▶ [DATA RECORDS]:
>>>

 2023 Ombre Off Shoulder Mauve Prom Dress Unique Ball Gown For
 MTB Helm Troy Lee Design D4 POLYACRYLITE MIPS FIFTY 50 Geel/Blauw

<<<
>>>

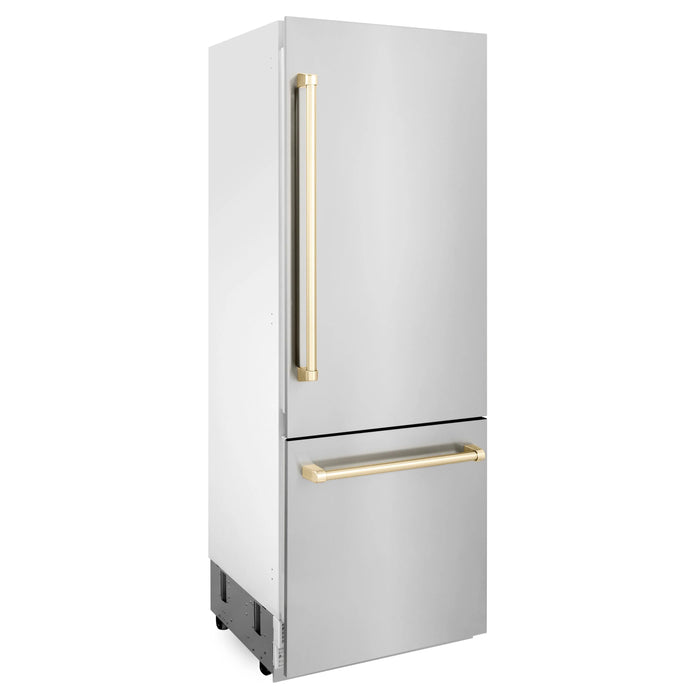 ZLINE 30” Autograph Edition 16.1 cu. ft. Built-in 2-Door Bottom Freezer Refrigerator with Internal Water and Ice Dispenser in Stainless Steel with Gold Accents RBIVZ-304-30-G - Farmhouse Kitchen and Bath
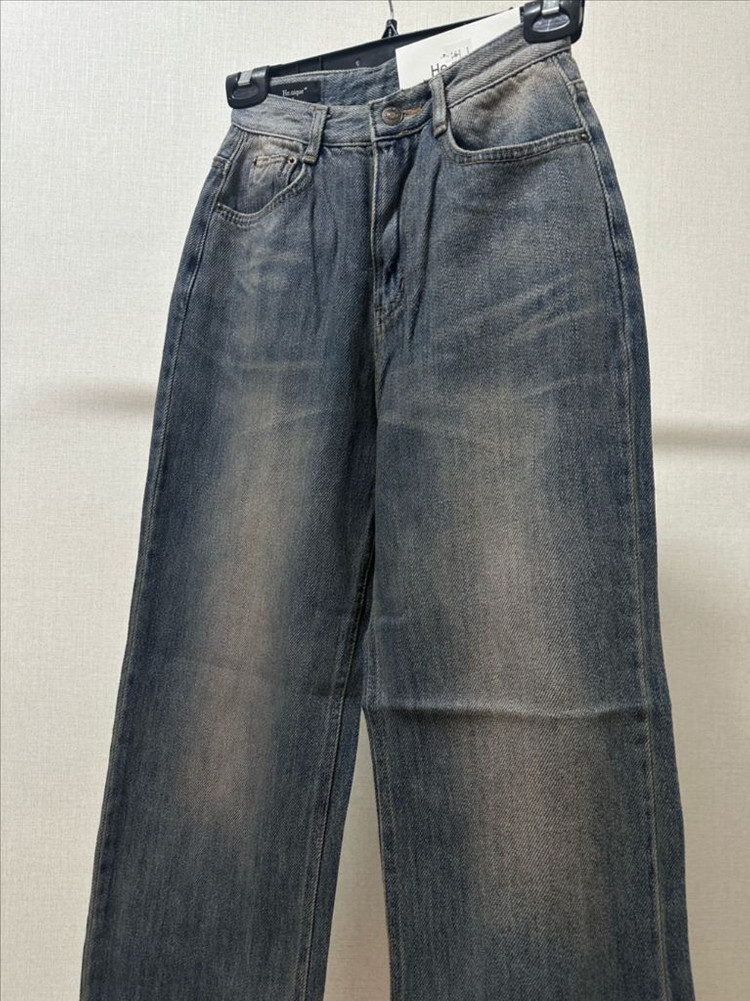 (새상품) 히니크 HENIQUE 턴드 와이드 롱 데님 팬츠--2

<<<

▶ [WHAT YOU SHOULD DO]:
Could you write out, exactly as they stand, only the lines above that begin at the line with "2023 Ombre Off" and stop after the line with "MTB Helm Troy"?

▶ [FINAL ANSWER]:
 2023 Ombre Off Shoulder Mauve Prom Dress Unique Ball Gown For
 MTB Helm Troy Lee Design D4 POLYACRYLITE MIPS FIFTY 50 Geel/Blauw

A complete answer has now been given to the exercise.